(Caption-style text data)

---

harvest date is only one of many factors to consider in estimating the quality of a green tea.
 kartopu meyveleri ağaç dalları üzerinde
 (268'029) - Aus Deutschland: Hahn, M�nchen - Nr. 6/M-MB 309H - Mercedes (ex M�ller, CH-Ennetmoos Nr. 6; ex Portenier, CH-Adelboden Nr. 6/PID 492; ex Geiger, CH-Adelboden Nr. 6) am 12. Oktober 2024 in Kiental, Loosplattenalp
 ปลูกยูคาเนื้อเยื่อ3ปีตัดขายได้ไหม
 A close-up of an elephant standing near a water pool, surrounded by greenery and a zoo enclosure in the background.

---

ABOUT THIS EXERCISE
Copy out each entry above with no deviation.

TASK OUTPUT
harvest date is only one of many factors to consider in estimating the quality of a green tea.
 kartopu meyveleri ağaç dalları üzerinde
 (268'029) - Aus Deutschland: Hahn, M�nchen - Nr. 6/M-MB 309H - Mercedes (ex M�ller, CH-Ennetmoos Nr. 6; ex Portenier, CH-Adelboden Nr. 6/PID 492; ex Geiger, CH-Adelboden Nr. 6) am 12. Oktober 2024 in Kiental, Loosplattenalp
 ปลูกยูคาเนื้อเยื่อ3ปีตัดขายได้ไหม
 A close-up of an elephant standing near a water pool, surrounded by greenery and a zoo enclosure in the background.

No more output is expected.